#### [WHAT THE TASK REQUIRES]
Set down the entries exactly as they appear, apart from the images, which stay out.

#### [EXERCISE DATA]
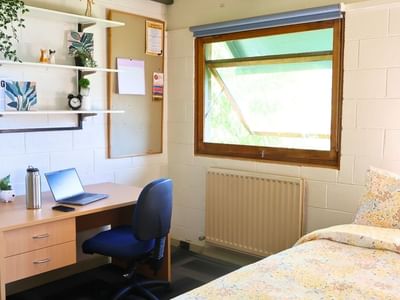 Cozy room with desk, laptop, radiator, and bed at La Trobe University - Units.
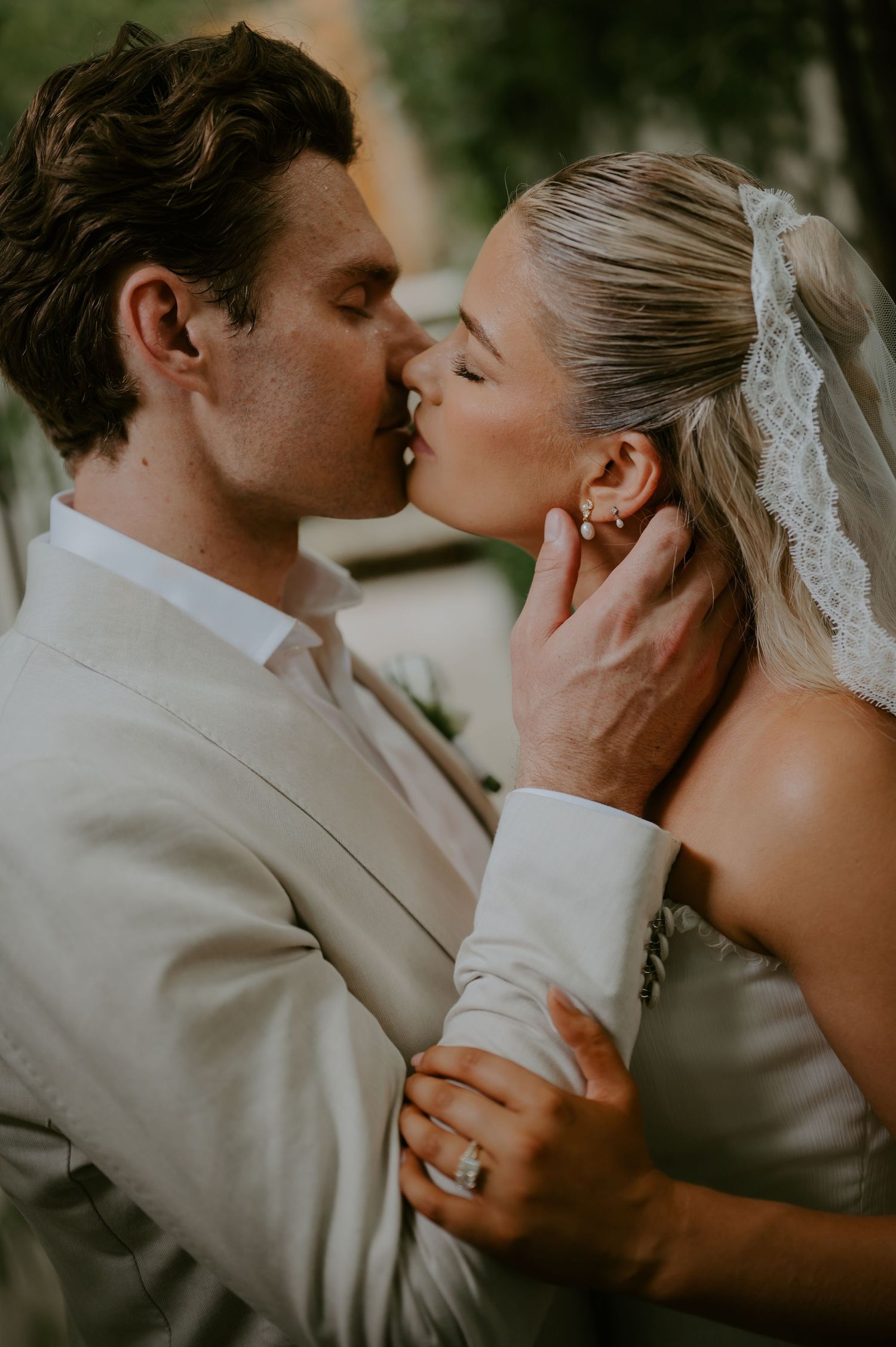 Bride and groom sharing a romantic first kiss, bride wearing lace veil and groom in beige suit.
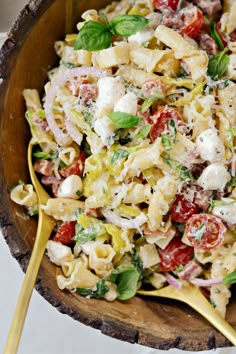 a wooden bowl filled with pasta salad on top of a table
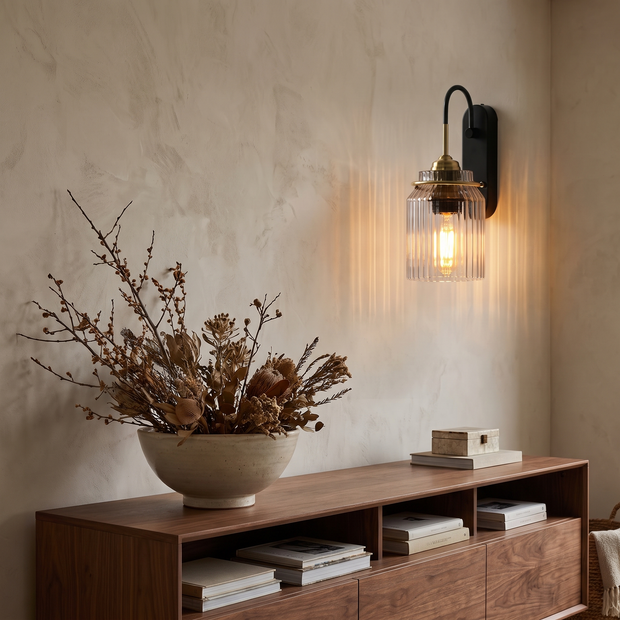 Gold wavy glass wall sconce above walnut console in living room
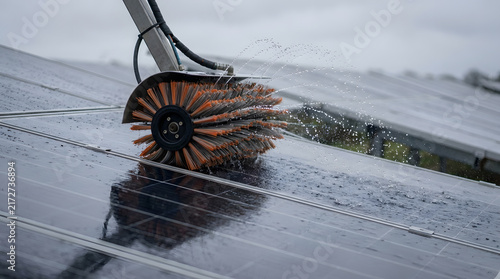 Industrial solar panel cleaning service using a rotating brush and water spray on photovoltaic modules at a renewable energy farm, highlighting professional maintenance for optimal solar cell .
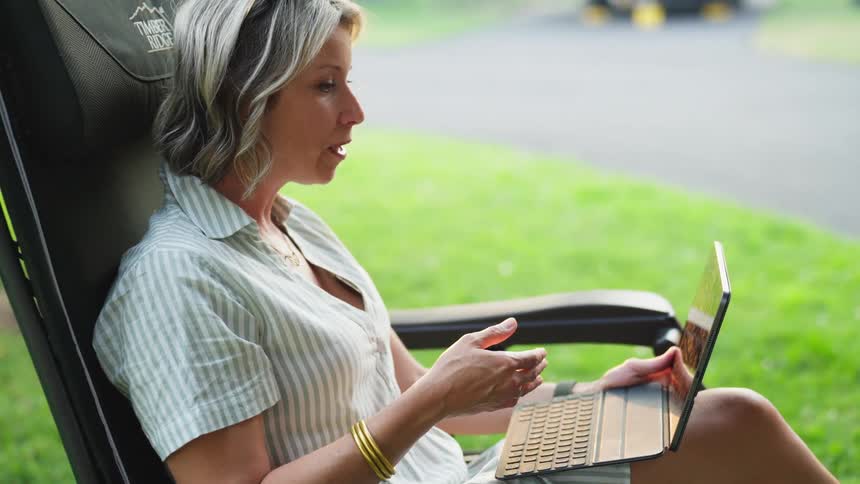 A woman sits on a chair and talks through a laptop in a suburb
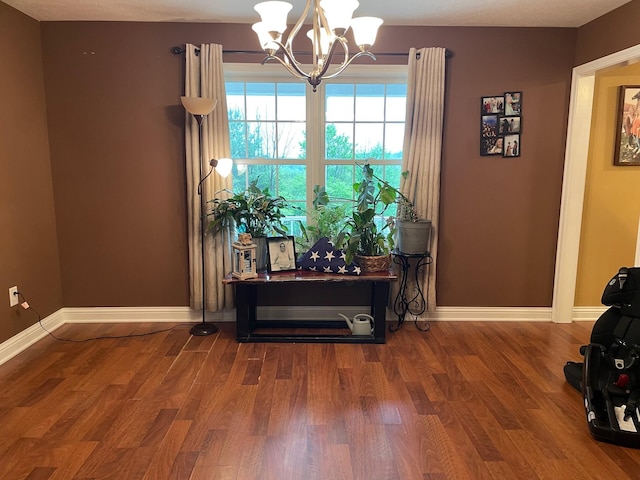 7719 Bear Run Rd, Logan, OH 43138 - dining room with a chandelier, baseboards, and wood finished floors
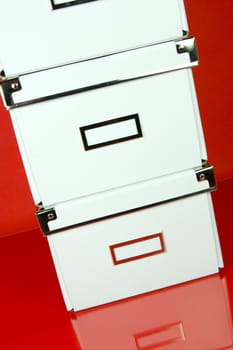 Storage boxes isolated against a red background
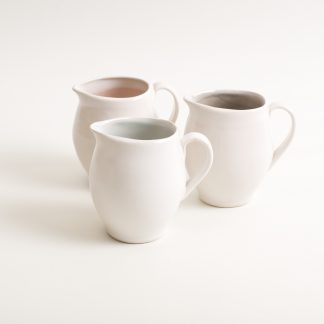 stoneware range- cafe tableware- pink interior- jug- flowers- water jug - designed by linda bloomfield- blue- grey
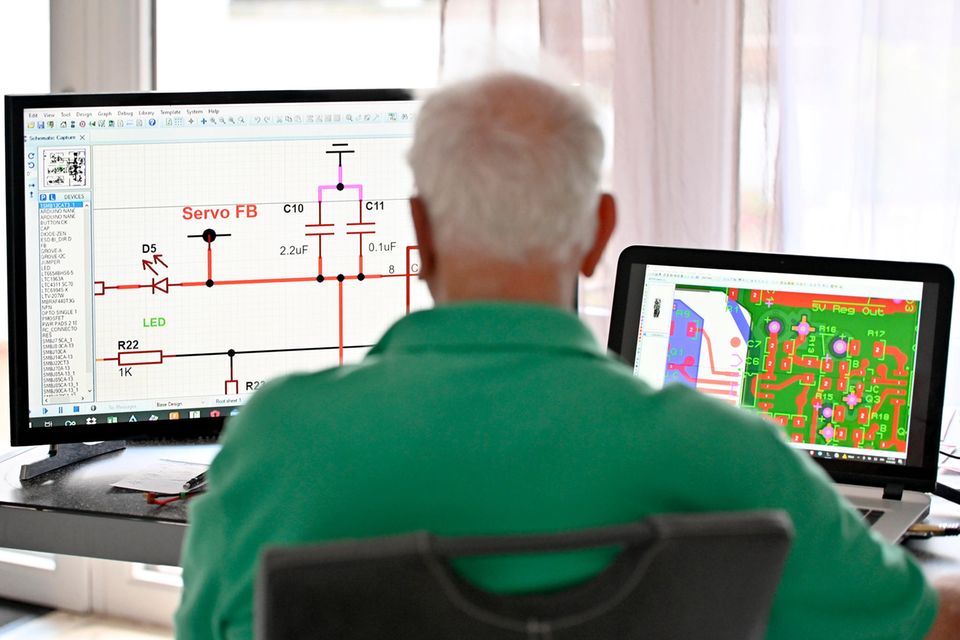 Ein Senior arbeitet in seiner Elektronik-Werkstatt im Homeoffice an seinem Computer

#### [ANSWER BELOW]
 Cozy room with desk, laptop, radiator, and bed at La Trobe University - Units.
 Bride and groom sharing a romantic first kiss, bride wearing lace veil and groom in beige suit.
 a wooden bowl filled with pasta salad on top of a table
 Gold wavy glass wall sconce above walnut console in living room
 Industrial solar panel cleaning service using a rotating brush and water spray on photovoltaic modules at a renewable energy farm, highlighting professional maintenance for optimal solar cell .
 A woman sits on a chair and talks through a laptop in a suburb
 7719 Bear Run Rd, Logan, OH 43138 - dining room with a chandelier, baseboards, and wood finished floors
 Storage boxes isolated against a red background
 stoneware range- cafe tableware- pink interior- jug- flowers- water jug - designed by linda bloomfield- blue- grey
 Ein Senior arbeitet in seiner Elektronik-Werkstatt im Homeoffice an seinem Computer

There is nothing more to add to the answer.